Donald Shoup holds his hands close together to show the actual size of the statue in a photo enlargement that fills one wall of his office. Photo by Les Dunseith
Shoup embraces every means that will spread the word. He’s active on social media. Interviews with him can be found on YouTube and TikTok. And as an in-person marketer of parking reform, he is relentless.
“Anywhere he goes, he’s going to grab somebody and start talking about parking,” Manville said. He recounts a story of Shoup discovering on a flight to Sacramento that a member of the Assembly was a few rows ahead.
“And he connived to switch seats with the person next to that guy, and then just harangued the poor man about parking on the whole flight,” Manville said. “That’s Shoup in a nutshell.”
Shoup tends to downplay his accomplishments, citing luck and longevity. He notes that he first used the word “parking” in an academic article in 1970 and began focusing on the reforms in earnest in 1978.

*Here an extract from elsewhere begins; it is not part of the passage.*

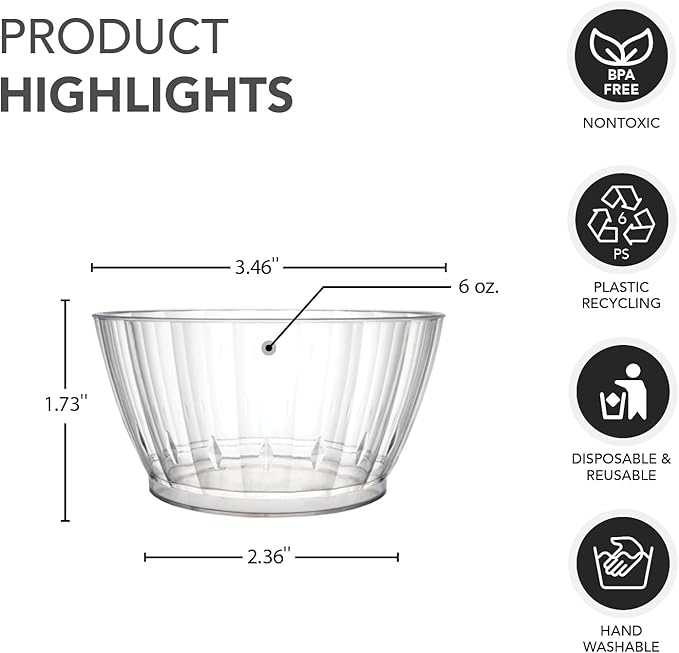 Party Essentials Deluxe/Elegance Quality Plastic 6-Ounce Fruit/Nut/Dessert Bowls, 80-Count, Clear
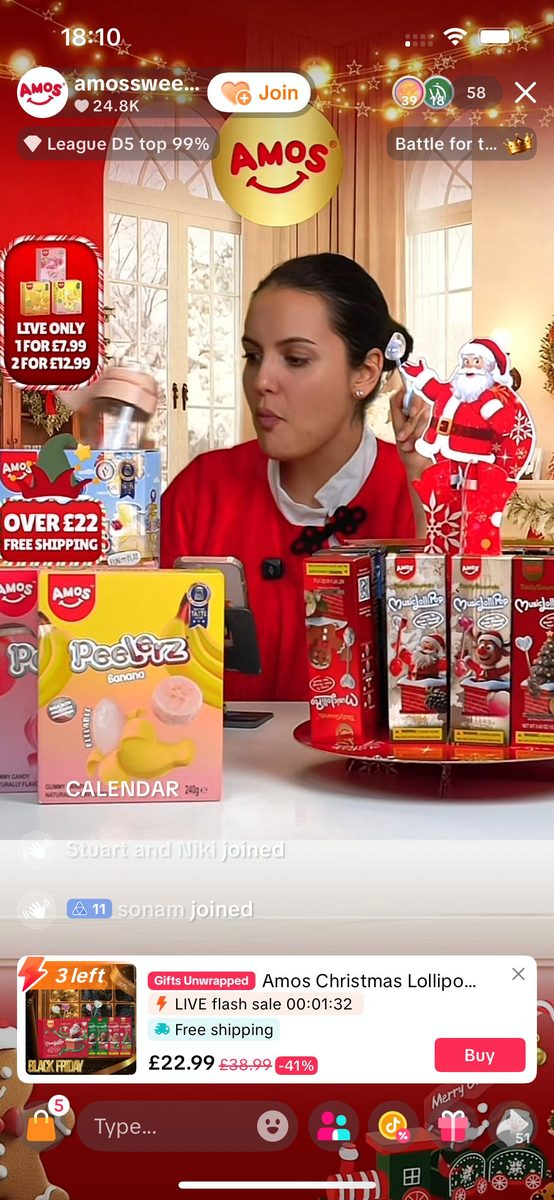 AMOS Sweets TikTok Shop livestream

“THAT is perseverance,” he said.
Shoup also credits the support he received at UCLA and the freedom he felt within Urban Planning to keep saying what he believed even when others dismissed it.
Most people would have tired of the crusade long before 40-plus years. Not Donald Shoup.
“He just keeps going and going and going,” Holliday said. “And I think that’s a testament to not only how deeply he believes these things, but how much he wants to convince someone else to believe them.”